The answer is $f(x) = \lambda_1 x + \lambda_2 x ^{-1}$ for any real constants $\lambda_1$ and $\lambda_2$. Indeed, $f(x) \equiv x$ and $f(x) \equiv 1/x$ work and the set of solutions is an ${\mathbb R}$-vector space. To prove they are the only ones, we may by shifting assume that \[ f(1) = f(2) = 0 \]and try to show $f$ is the zero function. Let $P(x,y)$ denote the given assertion. First, note that $P(x,x)$ gives we get \[ f(x^2) = (x+1/x) f(x) \qquad \forall x. \]By replacing $xy$ and $y/x$ with $a^2$ and $b^2$ in the given we get the more symmetric (and square-free) assertion \begin{align*} Q(a,b) : \qquad \left( \frac ab + \frac ba \right) f(ab) &= f(a^2) + f(b^2) \\ &= \left( a+\frac1a \right) f(a) + \left( b+\frac1b \right) f(b). \end{align*}The idea is to now compute $f(4x)$ in terms of $f(x)$ in two different ways: because the way the equations are linear, we should get some constant multiple. To begin $Q(2,2) \implies f(4) = 0$. Next, for any $x > 0$, note that \begin{align*} Q(x,4) \implies \left( \frac x4 + \frac 4x \right) f(4x) &= \left( x + \frac 1x \right) f(x) \\ Q(x,2) \implies \left( \frac x2 + \frac 2x \right) f(2x) &= \left( x+\frac1x \right) f(x) \\ Q(2x,2) \implies \left( x + \frac 1x \right) f(4x) &= \left( 2x+\frac1{2x} \right) f(2x) = \left( 2x + \frac{1}{2x} \right) \left( x+ \frac 1x \right) f(x). \end{align*}Thus $f(4x)$ is a multiple of $f(x)$ in two different ways! If $f(x) \neq 0$, then we would have to have \[ 2x + \frac{1}{2x} = \left( x + \frac{1}{x} \right) \left( \frac x4 + \frac 4x \right) = \frac{x^2}{4} + \frac{4}{x^2} + \frac{17}{4}. \]But by AM-GM $\frac{x^2}{4} + 4 \ge 2x$, and $\frac{4}{x^2} + \frac 14 \ge \frac{2}{x} > \frac{1}{2x}$, so this is a contradiction.

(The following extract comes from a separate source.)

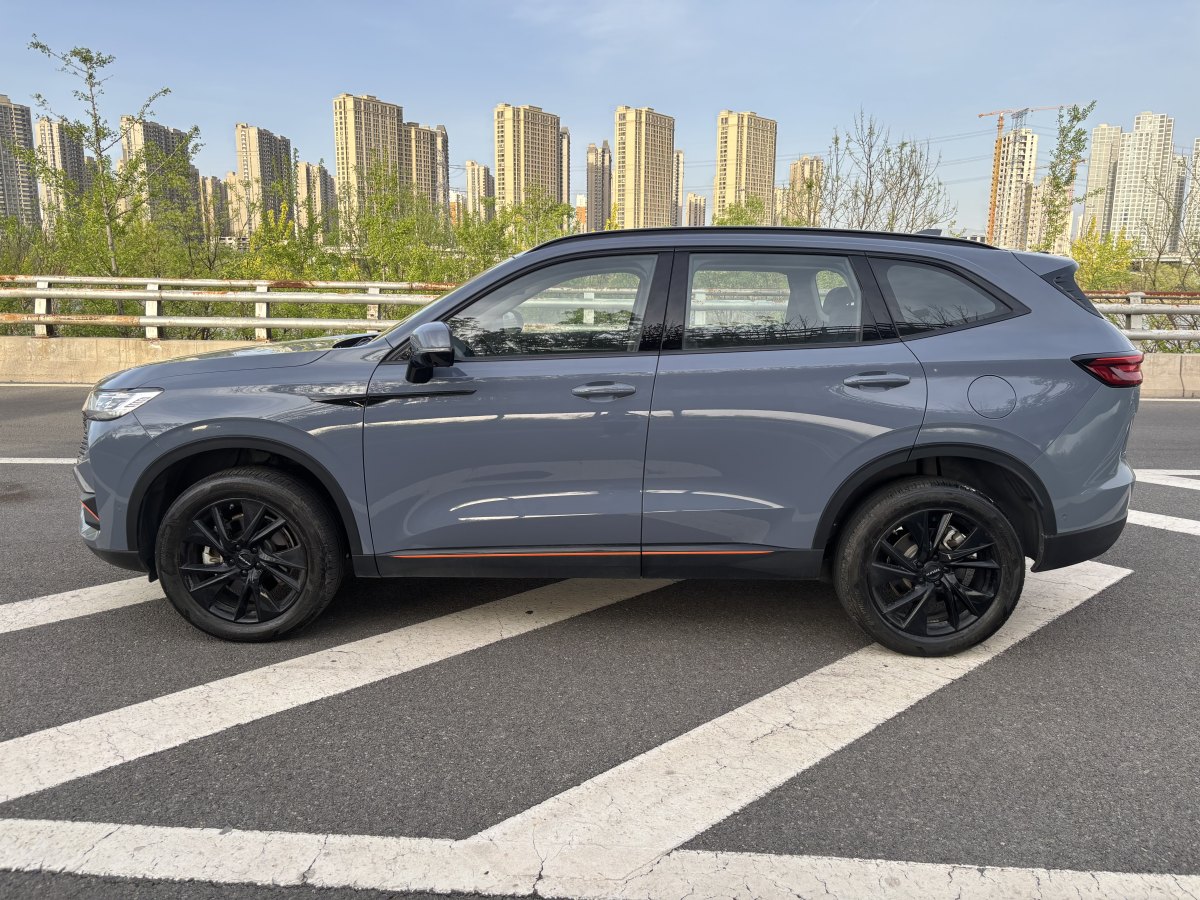 哈弗 H6  2021款 第三代 2.0T 自動(dòng)四驅(qū)Max圖片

This problem is quite interesting! It seems like it's very easy to solve if one found the solution space and noticed it is a real vector space, and very difficult to approach otherwise.

Since the set of all solutions form a real vector space $V$ and $f(x)\equiv x$, $f(x)\equiv\frac{1}{x}$ are two linearly independent solutions. It suffices to show that $\dim V = 2$. Pick one solution $g$ such that $g(1)=g(2)=0$. Thus $$\left(x+\frac{1}{x}\right)g(y)=g(xy)+g\left(\frac{y}{x}\right)$$ Call the last equation $P(x,y)$. We get \begin{align*} P(x,1)&\implies g(x)+g\left(\frac{1}{x}\right)=0\quad\forall\, x>0 \\ P(2x,2)&\implies g(4x)+g\left(\frac{1}{x}\right)=0\quad\forall\, x>0. \end{align*}Hence, $g(4x)=g(x)$ for every $x\in (0,\infty)$. Using this we get $$P(4,y)\implies \frac{15}{4}g(y)=g(4y)+g\left(\frac{y}{4}\right)=2g(y)$$Hence, $g(x)\equiv 0\implies \dim V=2$. Hence $ f(x)\equiv ax+\frac{b}{x}$ are the only possible solutions, which clearly satisfies the equation.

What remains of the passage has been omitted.